TASK BRIEF: A picture-free, exact reproduction of the listing that follows is required.

SUPPLIED INFORMATION:
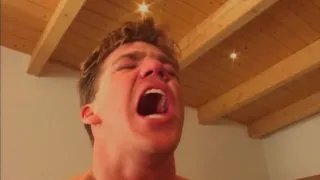Wild Anal Fucking and Cum Facials with Horny Sluts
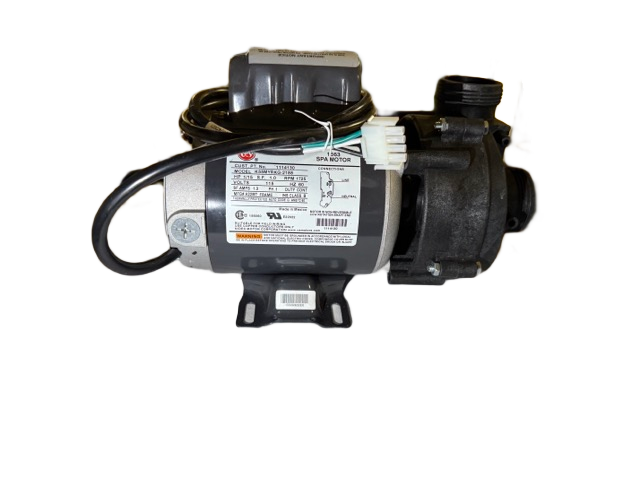 Pump Balboa OEM Circ  60HZ / 48F  115V  1.3a
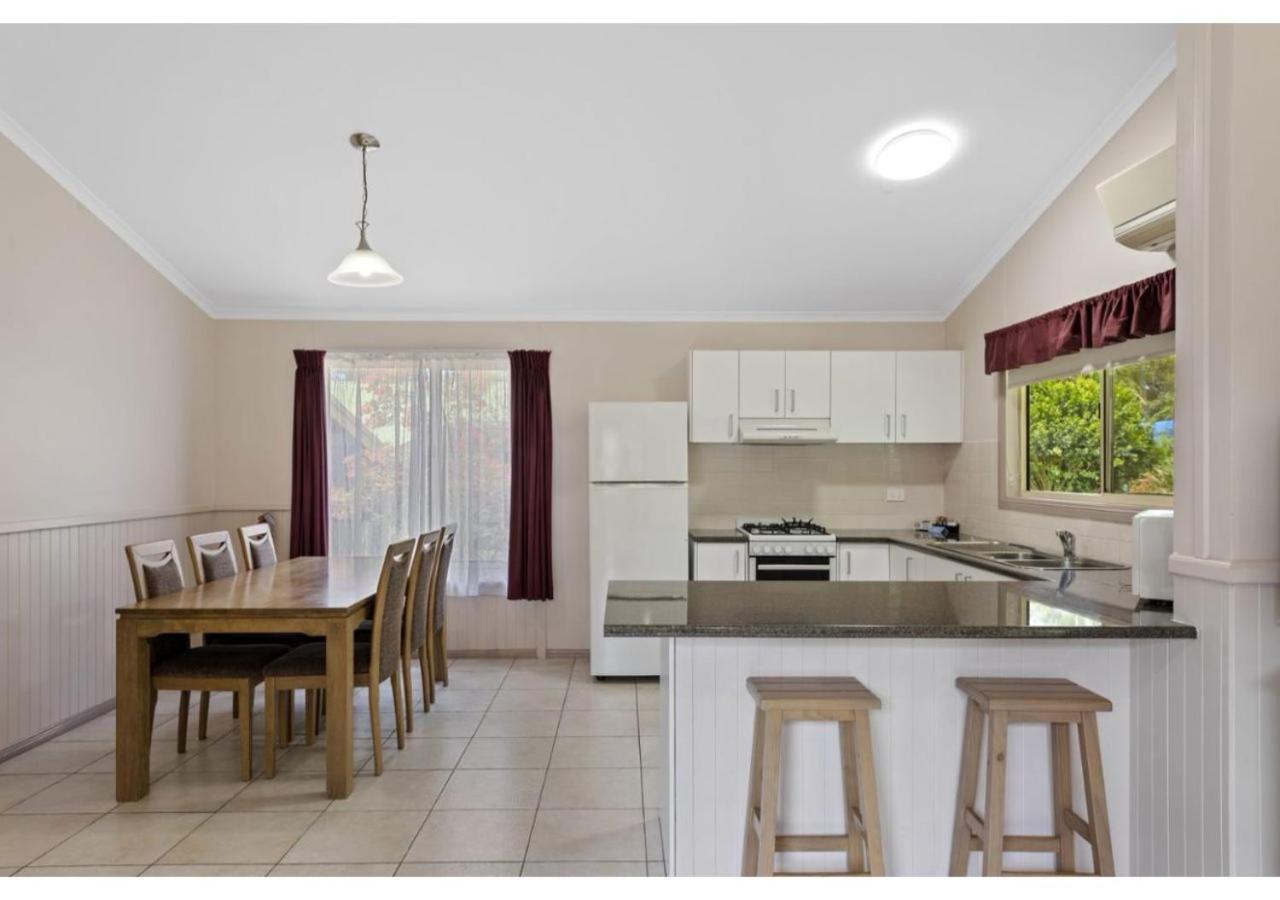 Discovery Parks - Burrill Lake, Ulladulla Holiday park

ANSWER AREA:
Wild Anal Fucking and Cum Facials with Horny Sluts
 Pump Balboa OEM Circ  60HZ / 48F  115V  1.3a
 Discovery Parks - Burrill Lake, Ulladulla Holiday park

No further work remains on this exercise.